====== Data for the task
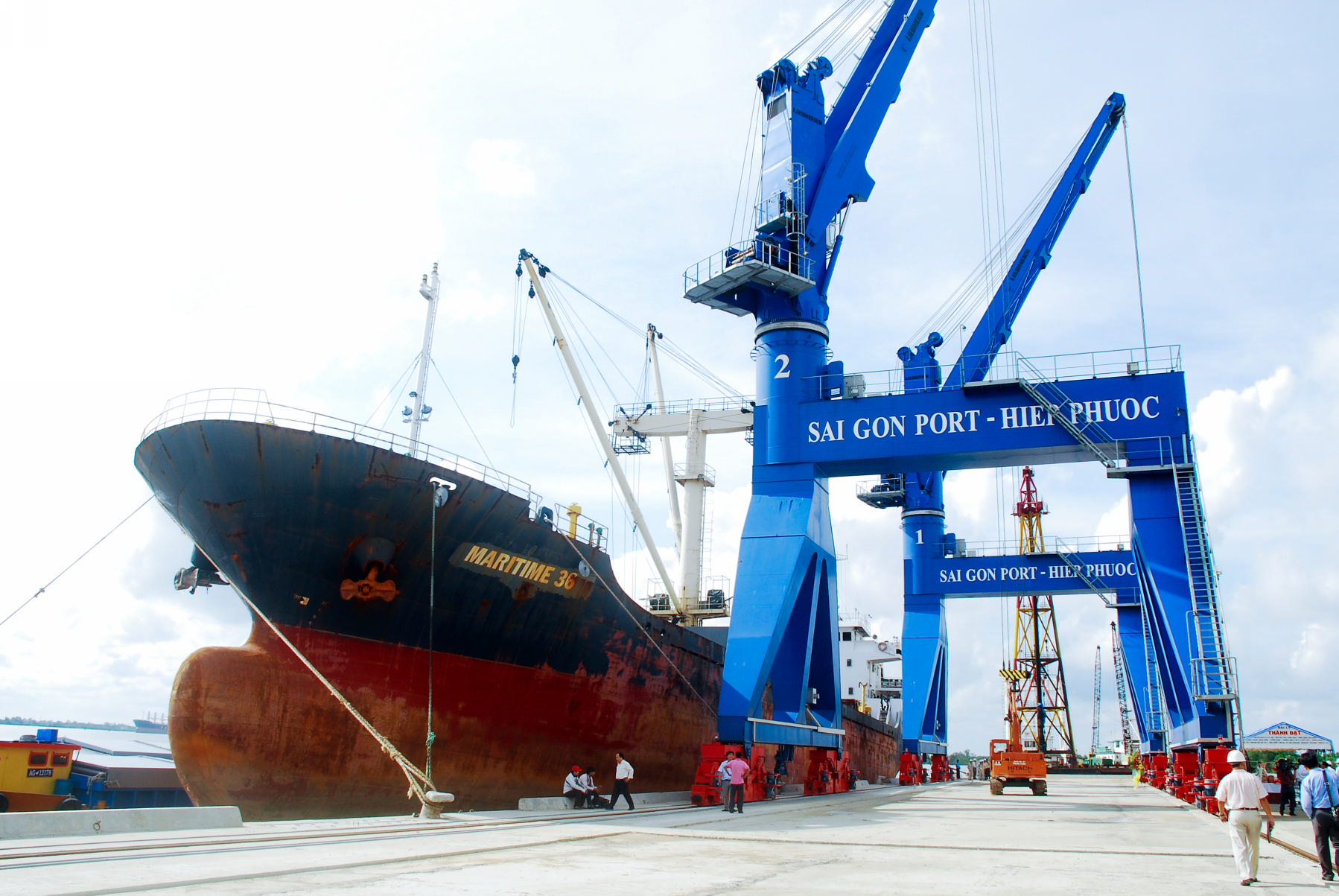 10 cảng biển lớn nhất Việt Nam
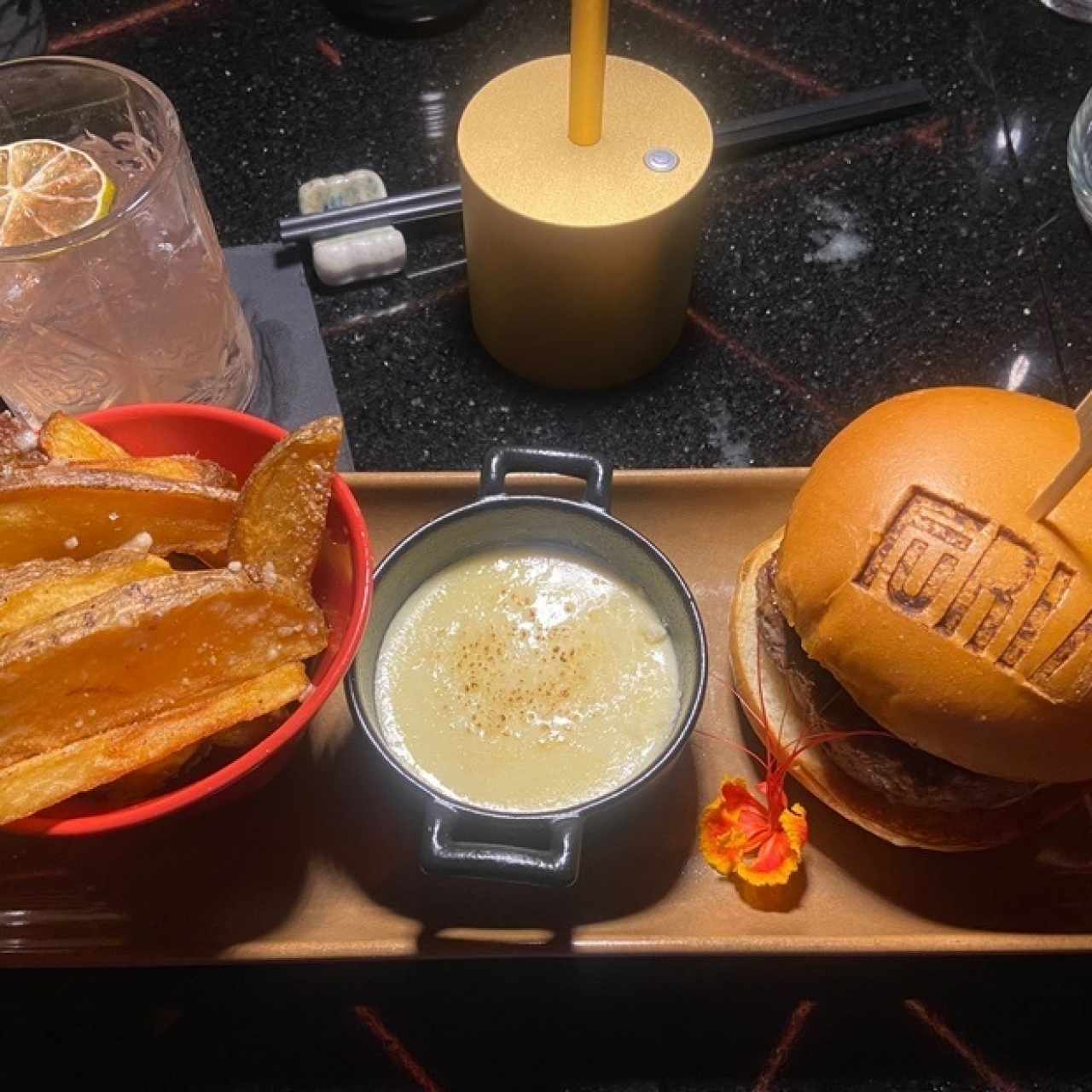 Main Courses - The Burger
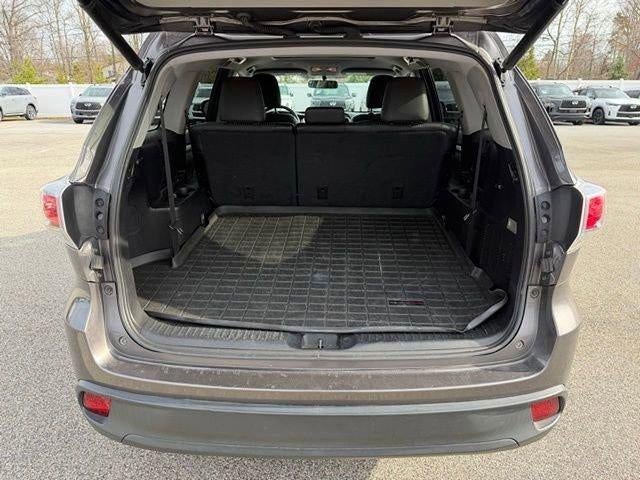 2014 Toyota Highlander AWD 4dr V6 LE Plus (GS)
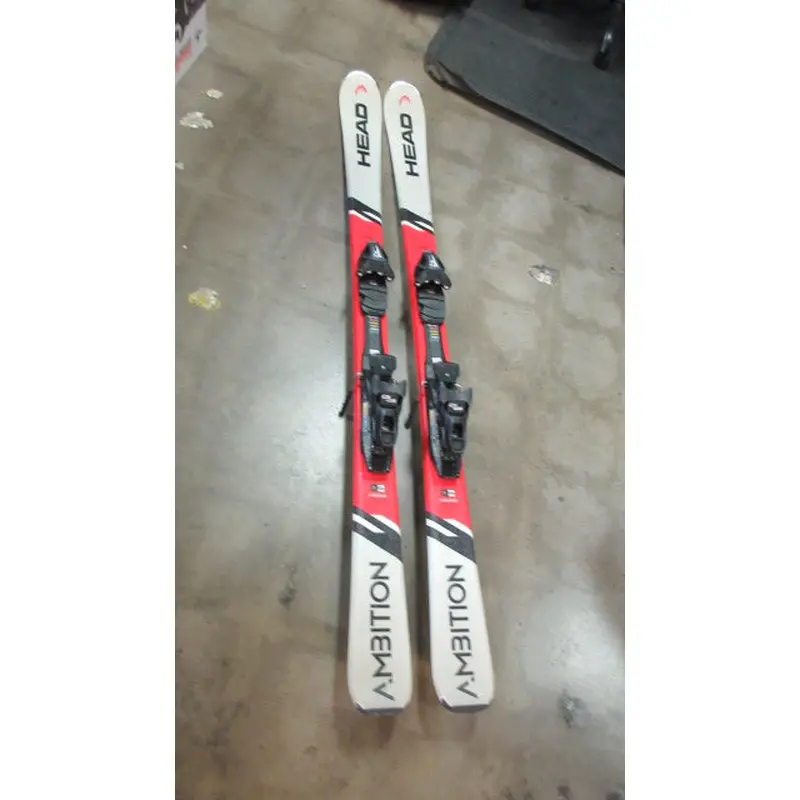 Used Head Ambition Downhill Skis w/ Tyrolia Bindings Size 170cm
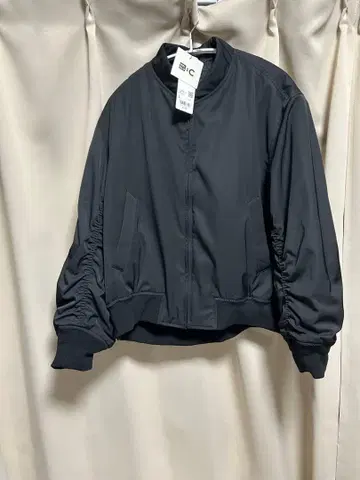 UNIQLO C 보머 자켓 블랙 L 사이즈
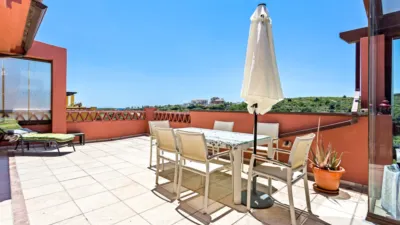 Duplex Penthouse in Casares Costa photo 15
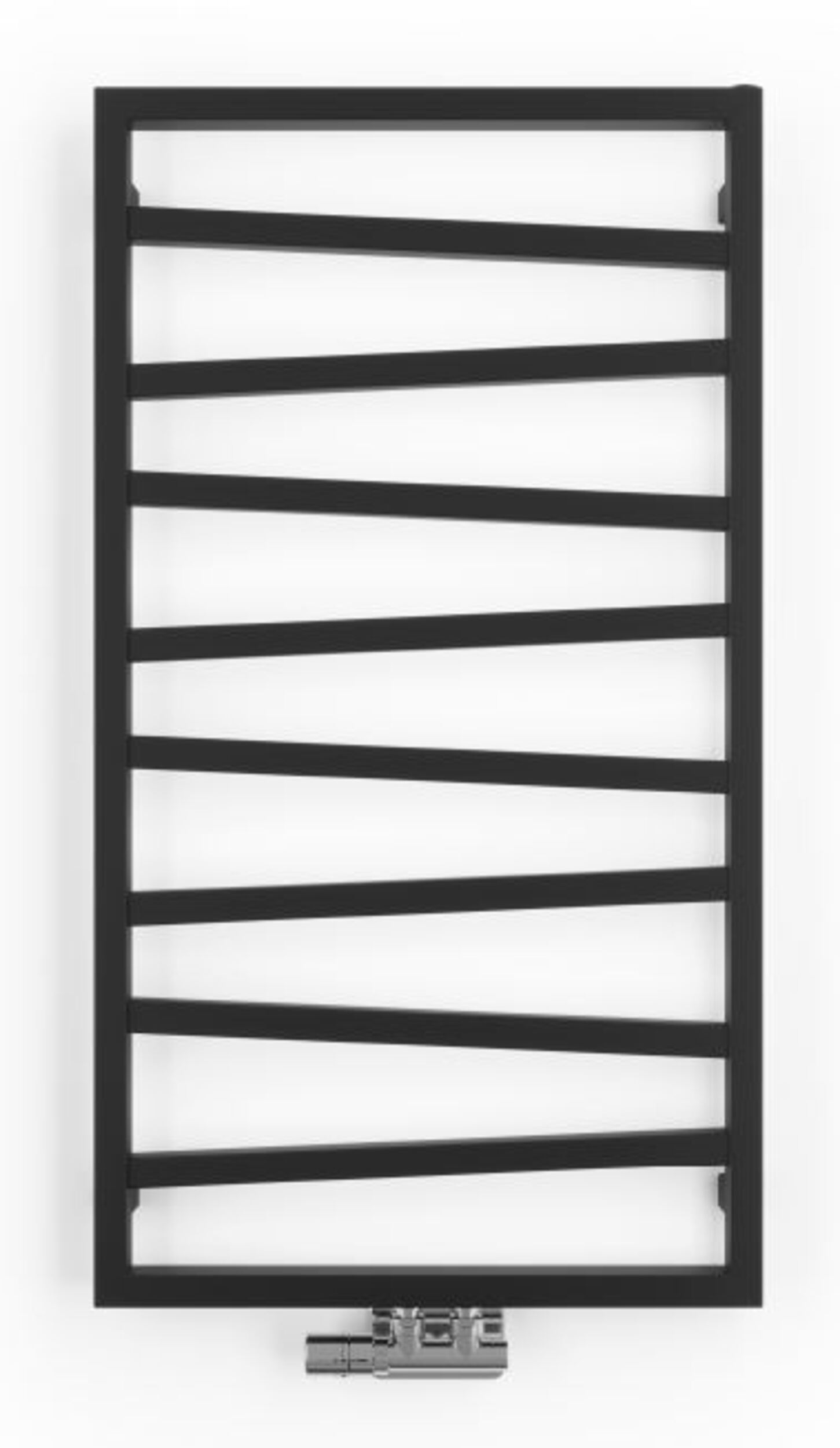 LaVita Frio radiateur de salle de bain décoratif 85x50 cm noir 5903918078701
============
• Work instruction
Nothing may be altered when you restate the records, but every picture must be dropped.

• Reply
 10 cảng biển lớn nhất Việt Nam
 Main Courses - The Burger
 2014 Toyota Highlander AWD 4dr V6 LE Plus (GS)
 Used Head Ambition Downhill Skis w/ Tyrolia Bindings Size 170cm
 UNIQLO C 보머 자켓 블랙 L 사이즈
 Duplex Penthouse in Casares Costa photo 15
 LaVita Frio radiateur de salle de bain décoratif 85x50 cm noir 5903918078701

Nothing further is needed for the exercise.